I am honored to serve as your featured speaker as you celebrate 25 years as an international association. Your organization and the FMC have maintained a longstanding and positive relationship over the years, one built on mutual respect and appreciation for the different roles we play in U.S. ocean commerce. I intend to focus today on maritime regulatory reform, and to touch briefly on the Commission's recent actions in response to the restrictive practices existing at ports in Japan.

The legislative reform effort has been quite dynamic of late. I believe that in itself is a story. During the late summer months, we did not hear much about reform legislation. Or at least, it wasn't the daily topic in the press and at trade gatherings that it had been in the spring or early summer. It was widely known that several Senators had placed holds on S. 414 at the request of certain maritime labor unions. This created severe doubt whether the Senate bill would ever move forward.

Behind the scenes, extensive negotiating and lobbying did persist. Key Senators met with representatives from all sectors of the industry to listen to their concerns and suggested approaches, or, in some cases, pleas for no action.

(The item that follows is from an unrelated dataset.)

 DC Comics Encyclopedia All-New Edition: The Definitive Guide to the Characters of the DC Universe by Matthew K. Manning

Meanwhile, the Senate staffers responsible for drafting the bill were busy absorbing all of this activity and attempting to develop specific language to implement new approaches. Trial balloon after trial balloon was floated, but none seemed to have sufficient helium to sustain legitimate hope for survival. It was becoming more and more difficult to alter the delicate compromise that previously had been reached and which was hanging on ever so precariously. Changes endangered the support of proponents who had struggled to agree on this compromise, while failure to alter the draft or adopt some fairly significant new provisions assured the continued opposition of major players.

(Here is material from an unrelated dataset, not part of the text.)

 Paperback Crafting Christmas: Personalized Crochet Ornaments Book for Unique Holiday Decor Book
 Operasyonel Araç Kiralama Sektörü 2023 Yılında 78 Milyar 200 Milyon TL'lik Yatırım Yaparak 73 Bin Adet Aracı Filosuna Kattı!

This scenario changed somewhat when S.414 reportedly became linked with the OECD shipbuilding measure. It was informally understood that the fate of each rested with the other. The onus then fell on major Senate proponents to work the necessary compromises on each bill to permit both to be considered by the Senate. This significantly enhanced S.414's chances, given the more promising prospects for passage of the shipbuilding bill. But when several groups voiced their concerns with the reform effort in general, and specific proposed changes in particular, action this year seemed quite unlikely.

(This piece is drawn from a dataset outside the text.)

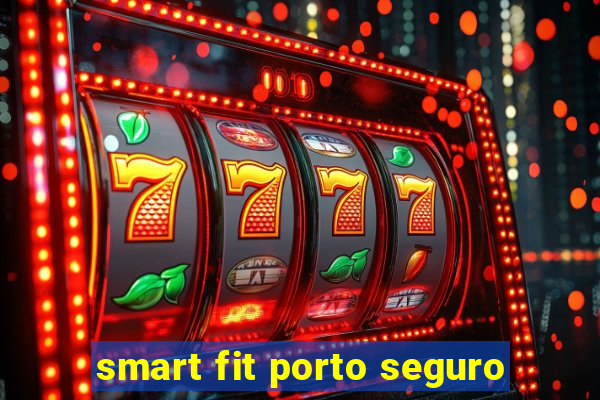 smart fit porto seguro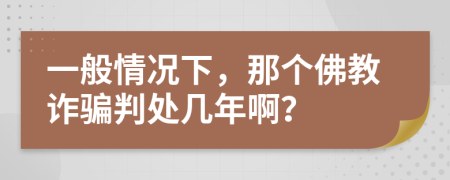一般情况下，那个佛教诈骗判处几年啊？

That was until two weeks ago, when we all began reading of a major agreement struck by the involved Senators that purportedly would pave the way for prompt Senate action on S.414. This was news. Essentially thought to be doomed for this session, S.414 not only had renewed life, but its passage was being discussed as a distinct possibility. A new floor manager's amendment was drafted and several reports circulated of possible quick Senate passage.

The basic changes in this new version, dated October 31, involved, what else, but service contracts. All contracts would continue to be filed confidentially with the Commission, but only agreement service contracts would be required to publish their essential terms, although with a more complete listing of such terms than in previous iterations. A new provision was added to permit carriers serving different trades to offer joint service contracts that would be considered as individual contracts for purposes of confidentiality. And, only parties to agreement service contracts would be prohibited from unjustly discriminating against or providing unfair advantage to any locality, shippers' association, or ocean transportation intermediary in their service contract dealings -- individual carriers would face no such prohibition.

Of particular interest to NVOs, the October 31 version calls for any claim against an ocean transportation intermediary bond to be reviewed by the involved surety company, and also requires those who would seek damages in court against such intermediaries to first attempt resolution with a surety. A subsequent clarification to the October 31 version also provides for the bill to become effective on May 1, 1999. And, oh yes, this version eliminates the proposed merger of the Federal Maritime Commission with the Surface Transportation Board. That entire provision has been deleted, and the FMC would remain as a free-standing independent agency.

Putting aside this recent flurry of activity, what about the overall bill and its effects, particularly concerning you in the NVO community? From a general standpoint, the Commission consistently has maintained that should carrier antitrust immunity be continued, then any reduction in public transparency of rate and service terms in tariffs or contracts increases the need for government oversight. If oversight is to be performed effectively, access to all relevant information is an absolute necessity.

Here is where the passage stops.